D'où vient, mes frères, cette étrange insensibilité, ce profond aveuglement de nos âmes, quand nous croyons d'une foi certaine que nul n'arrive au salut que par la voie de la pénitence ou par celle de l'innocence ? Plusieurs causes contribuent à enchaîner les hommes dans cette erreur ; mais la principale est qu'ils se promettent une très-longue vie, à la fin de laquelle ils renvoient une pénitence qu'ils savent être indispensable. Cette persuasion est l'œuvre du serpent, notre ennemi; le perfide, à force d'astuce et d'illusions, fait croire aux hommes que la mort, qui se tient à leur porte, est séparée d'eux par une énorme distance. En quoi il imite l'habileté des peintres, qui distribuent leurs couleurs de telle sorte que tous les personnages ou objets qu'ils représentent étant sur le même tableau, quelques-uns paraissent près de nous, et d'autres dans le lointain. Que d'hommes sont tous les jours les tristes victimes de cette ruse ! Comptant sur de longues années, ils remettent à plus tard une infinité de choses, et une mort inattendue les surprend au milieu de leur fausse sécurité.

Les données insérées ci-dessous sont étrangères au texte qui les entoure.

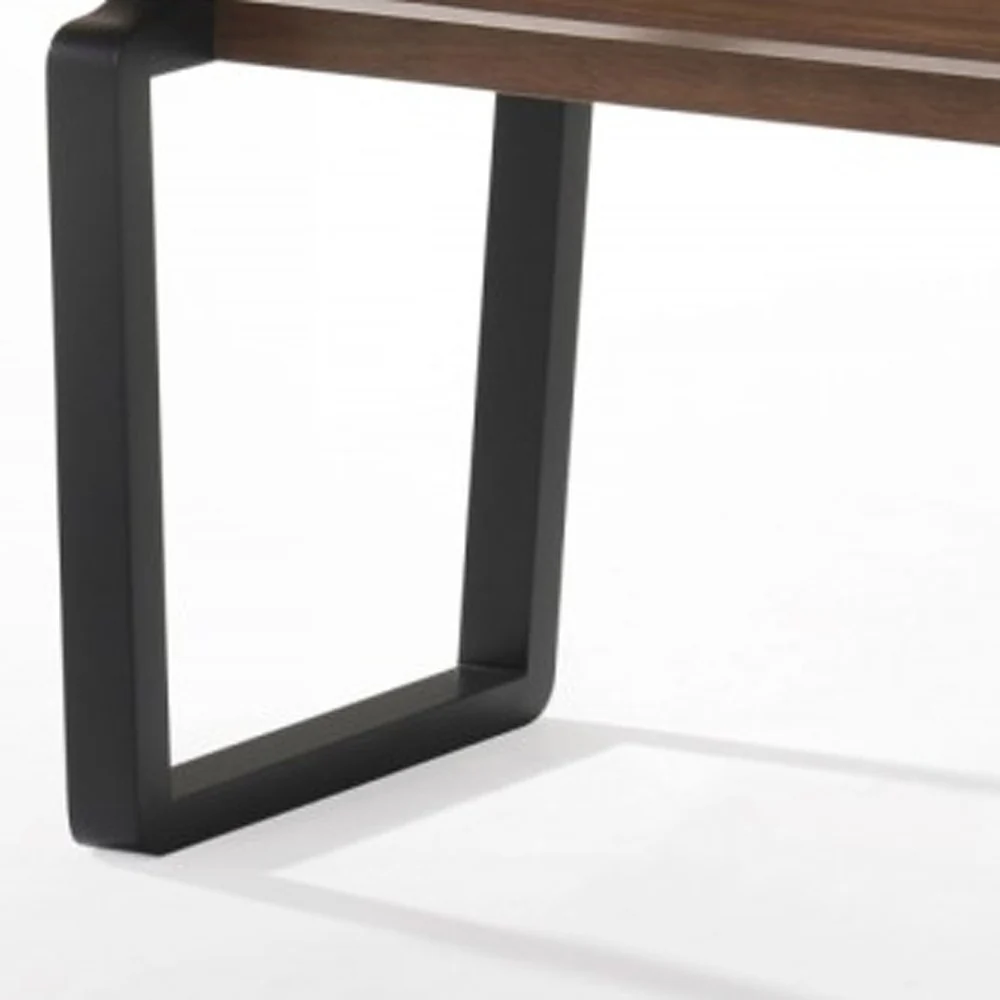 Rectangular Modern Walnut Finish Dining Bench with Black Metal U shaped legs By Homeroots - Image 4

Telle est, mes frères, la principale cause qui inspire aux amateurs du siècle une confiance si préjudiciable à leur salut éternel. Mais quoi de plus insensé que de faire reposer un intérêt si grave sur une espérance si incertaine ? Que cette espérance soit déçue, et voilà l'homme jeté à l'improviste devant le tribunal du juste Juge, qui nous propose dans son Évangile tant de paraboles pour nous exhorter à la vigilance. Veillons donc, mes frères, avec les serviteurs fidèles et prudents, et avec les vierges sages préparons l'huile pour nos lampes, afin que lorsque le Maître viendra et frappera à la porte, il nous trouve veillant, et ainsi nous fasse participer à la félicité et à la béatitude qu'il a préparée dans le royaume de son Père aux prudents et fidèles serviteurs, béatitude dont Isaïe a dit : « L’œil n'a point vu, l'oreille n'a point entendu, le cœur de l'homme n'a point compris ce que Dieu réserve à ceux qui l'aiment. » Daigne vous en faire la grâce Celui auquel appartient la gloire et l'empire aux siècles des siècles. Ainsi soit-il.